> **Extracted records**
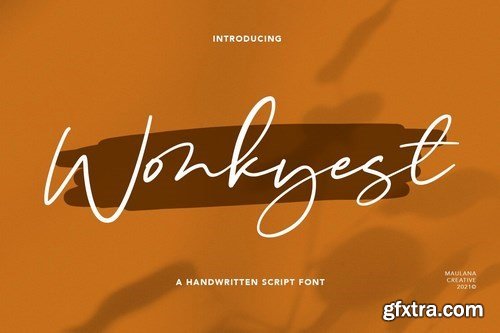 Wonkyest Handwritten Script Font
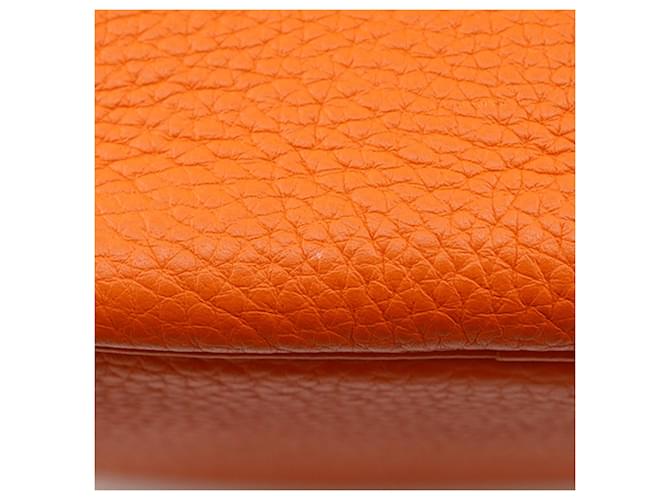Hermès Orange Clemence Picotin 18 Arancione - vista 6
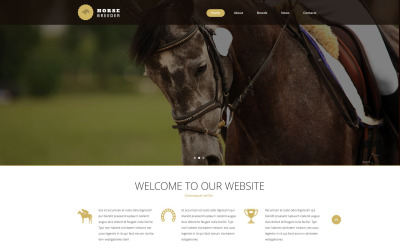 Modelo de site de criador de cavalos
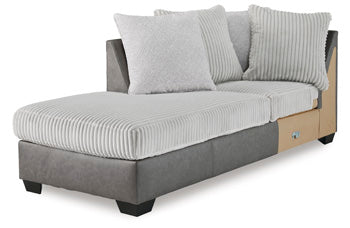 Chaise longue esquinera con brazo izquierdo Clairette Court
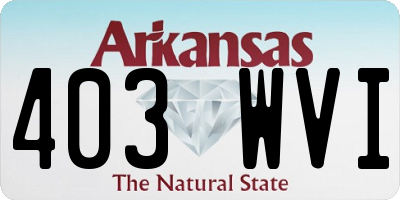 AR license plate 403WVI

> **Your assignment**
Each record above needs to be transcribed word for word, with its pictures omitted.

> **Answer to this exercise**
 Wonkyest Handwritten Script Font
Hermès Orange Clemence Picotin 18 Arancione - vista 6
 Modelo de site de criador de cavalos
 Chaise longue esquinera con brazo izquierdo Clairette Court
 AR license plate 403WVI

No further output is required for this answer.